Only give them to people you trust, monitor monthly statements, and define what counts as an appropriate expense.

Corporate credit cards are necessary for some small businesses, and there are some important practices to implement to ensure they're not abused by employees. Distributing corporate credit cards among some employees can save business owners time by removing them from routine purchases. This means business owners can spend more time focusing on the business as opposed to non-critical, repetitive tasks.

Still, while it may be a big time-saver, handing your employees the financial power of your business can be a big step for any business owner. Recently, members from the Business.com community were trying to determine how to develop this policy, so we got in touch with experts to determine what the best practices are for distributing business credit cards at the office.  

The three biggest takeaways, regardless of your type of business, is to give them only to people you trust, monitor monthly credit card statements and be clear with your employees about what the cards are supposed to be used for. [Interested in business credit cards? Check out our best picks.]

Give cards to employees you trust

This is an obvious tip: You want to provide financial power only to the workers you trust most. However, it's important to remember that trust works both ways in this case. By providing some workers with credit cards, you show that you trust them. This can be empowering. If you distribute credit cards and then treat workers like teenagers it can be a major turn off to productivity. This is a situation where employees should want to rise to the occasion and prove that they can be trusted.

"If one of my assistants is buying and testing various software that's only $30 to $100 per month, I give him/her the green light with a credit card," said James Pollard, owner of a marketing consulting company that works with The Advisor Coach. "I don't need to personally authorize every single transaction. If it can save me time, I do it." 

A lot of business owners opt to only give cards to upper management or employees who make routine purchases. Giving cards to high performers who need them is also a common practice when it comes to business credit cards.

Be clear with employees

Some companies may opt to develop a full-fledged expense policy. This can involve defining exactly what kinds of purchases should be made, how they should be expensed and what the reimbursement process is like (if there is one). If you don't have time to do this or are running a small operation, it's often best to sit down with each employee and go over what the card should be used for. Here, you can decide the level of autonomy you want to grant each employee.

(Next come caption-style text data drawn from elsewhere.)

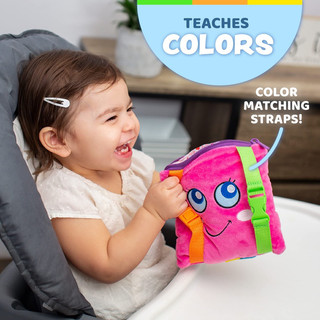 Đồ Chơi Khám Phá Kỹ Năng - Vận Động Tinh Montessori Cho Bé - Buckle Toys Bella Square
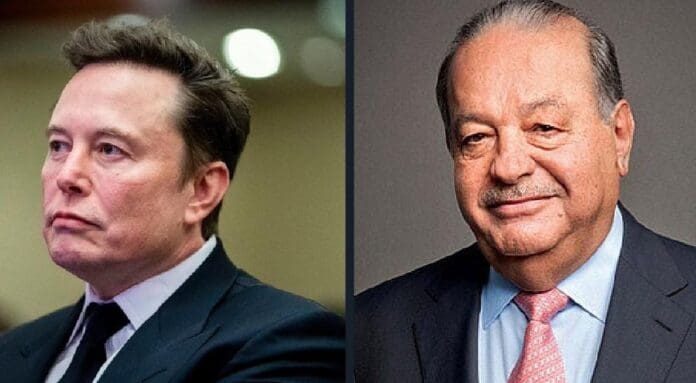 Claudia Sheinbaum defiende a Carlos Slim luego que Elon Musk lo acusara de supuestos nexos con el narcotráfico.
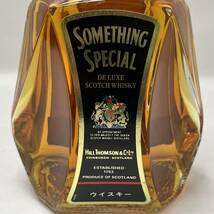 【KKB2467ST】未開栓 SOMETHING SPECIAL サムシング スペシャル デラックス スコッチウイスキー 750ml/43% お酒 古酒 洋酒_画像4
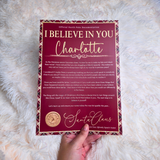 Personalised "I Believe In You" Tartan Santa Letter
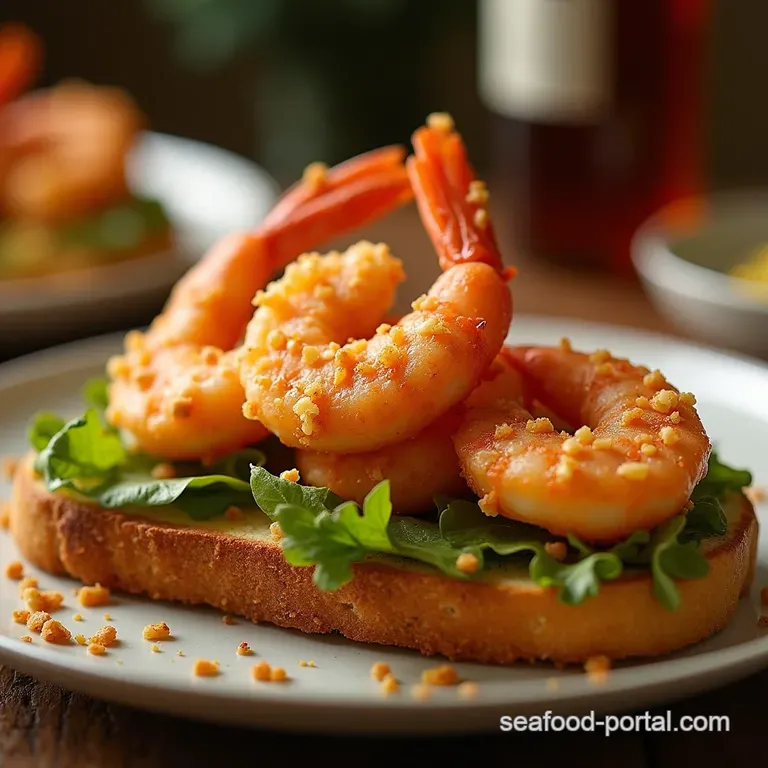 The Perfect Crispy Prawn Sesame Shrimp Toast Haam Si To presentation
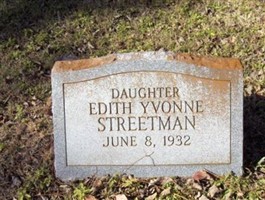 Edith Yvonne Streetman Edith Yvonne Streetman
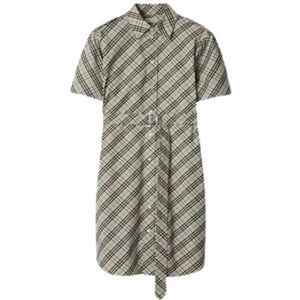 Burberry, Dames, Jurken, Grijs, Maat: 2XS Katoen,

Many business owners will allow employees to make routine purchases without seeking approval while asking for approval on first-time or larger purchases.

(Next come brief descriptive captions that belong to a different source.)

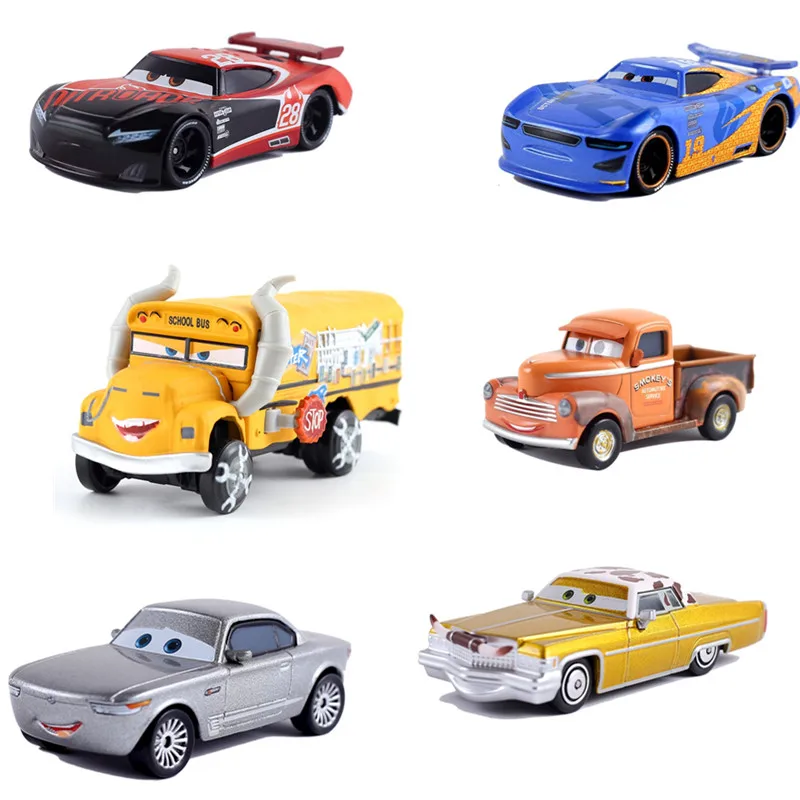 Автомобили disney Pixar Cars 2 3 Молния Маккуин Мак дядя грузовик мисс оладьи 1:55 литья под давлением металлическая машина модель детская игрушка, подарок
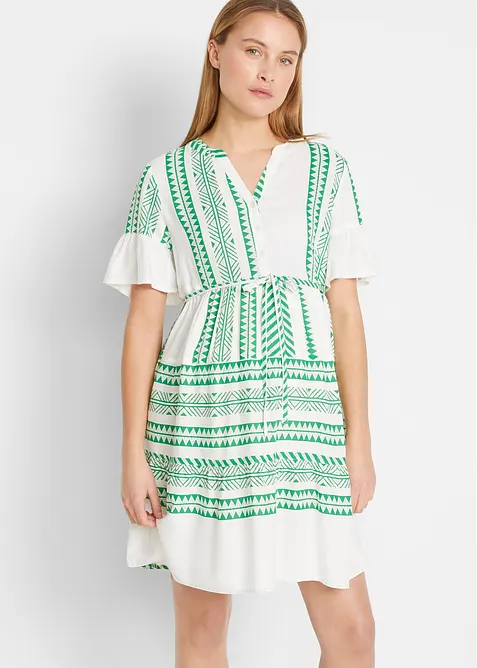 Zwangerschapsjurk / voedingsjurk van viscose, bonprix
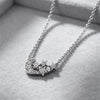 Silver Star Moon, Snowflake, Bow Design Zircon Inlaid Necklace, Women's Jewelry Valentine's Day Gift - Image 2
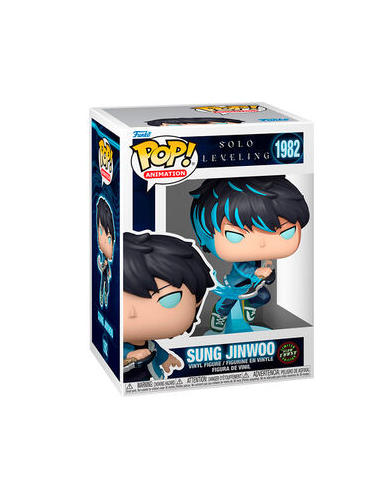 Funko Pop Sung Jinwoo. Solo Leveling. GLOW CHASE  - 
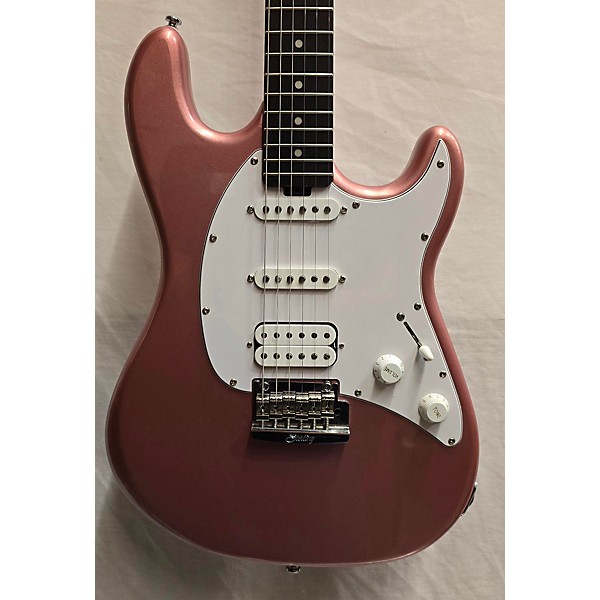 Used Sterling by Music Man Used Sterling By Music Man Cutlass Hss Rose Gold Solid Body Electric Guitar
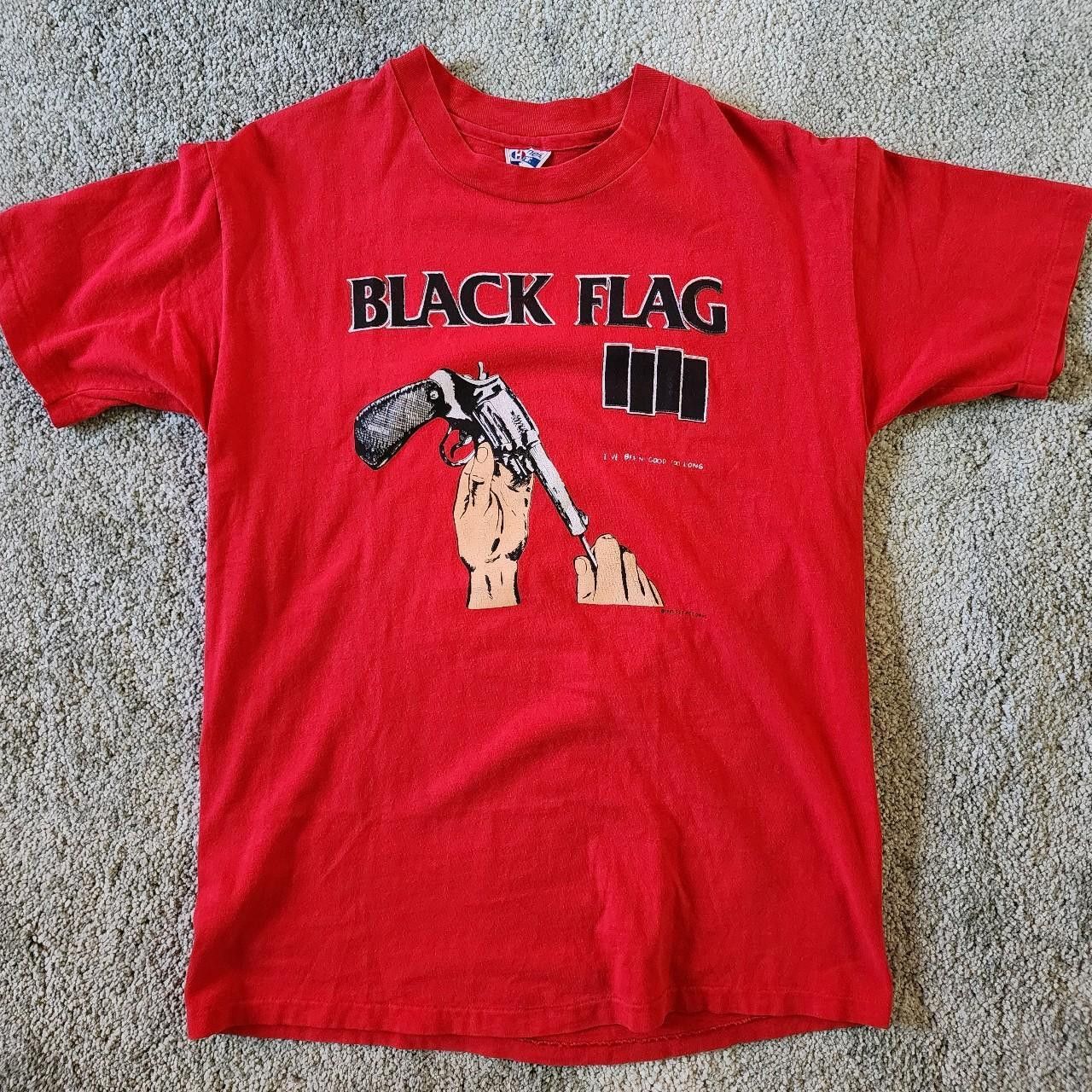 ヴィンテージ 80s Black Flag Tシャツ sst ブラックフラッグ ヴィンテージ 80s Black Flag Tシャツ sst ブラックフラッグ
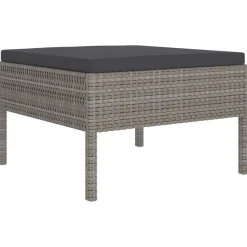 Zestaw wypoczynkowy do ogrodu Szary Technorattan 3x narożna + 4x sofa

Karla Singson, a small business owner who runs four businesses, said she only provides cards to upper management.

"This is because they have expenses that I approve, but I'm not always around to do it or replenish the petty cash for [it]," she said. "These are the people I trust with my company, and since we are just a small business – very little bureaucracy – they can still ask for my confirmation every time they need to use it." 

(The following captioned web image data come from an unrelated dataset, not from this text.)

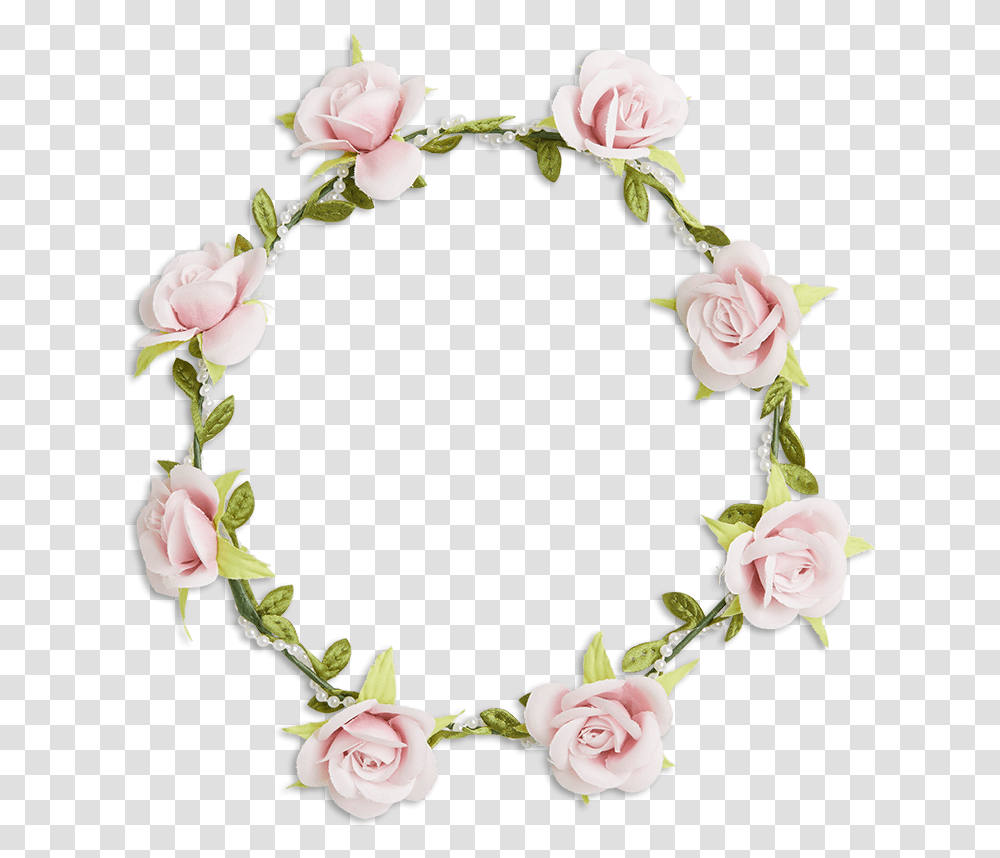 Flower Crown Pink Flower Crown, Floral Design, Pattern, Graphics, Art Transparent Png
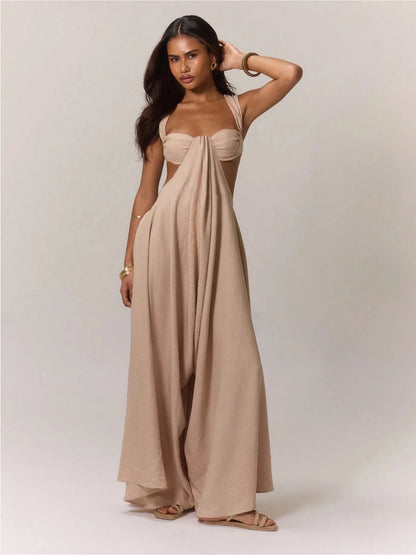 Redefined Summer Backless Jumpsuit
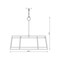 Z-Lite Lenyx Pendant Chandelier, 8-Light, 32 In.W x 32 In.L x 27.5 In.H, Rubbed Brass/White 1935-32RB - alternate 7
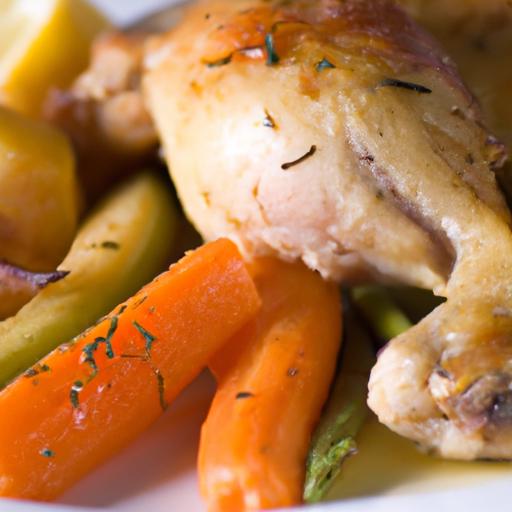 Golden ​Roasted Chicken ‌with Tender ‍Carrots and Potatoes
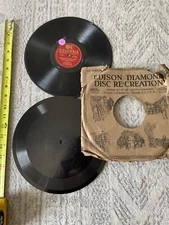 Vintage Al Goodman And His Orchestra 78 RPM 10" & EDISON DIAMON DISC RE CREATION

Regardless of whom you give cards to, it's important to define what they are for and set benchmarks for when you should be notified. This can be in dollar amounts, for example. These types of rules will be clear based on your business and its various expenses.

Check the monthly statements

While it may not be ideal to approve every purchase, it's still important to scrutinize monthly statements to ensure that funds are being used the way they're supposed to. This can be a safeguard, especially for business owners who are reluctant to provide their workers with corporate cards.

"Scrutinize your statement," Pollard said. "Make sure that nothing strange is going on. Question every charge that you don't recognize. Also, give your employees a strict dollar limit – I recommend 110 percent of what you actually think they will need." 

Build the right culture

If you've hired the right workers, then issuing business credit cards shouldn't be an issue. Good employees will know when it's appropriate to use them and will follow your direction when you define what the cards are for. You can further build company culture by providing these cards, proving to employees that you trust them and value their hard work.

Employees "know that they should use the funds to accomplish the tasks that I give them," Pollard said. "If you hire the right people from the get-go, you don't have to worry about credit card abuse." 

Bottom line

If you're really worried about distributing cards but need to save time, you can always turn on alerts so you are notified each time the card is used. This allows you to keep a close eye on employee purchases without having to directly approve each purchasing decision.

It also may be a good idea to tie rewards points to card usage. If employees are using them for routine company purchases, you can issue the card in their name and provide them with the opportunity to earn miles or points. Singson said she does this with some of her workers.

"I linked the cards to some miles (airline rewards) so they get to keep the rewards, because the miles account is in their name," she said.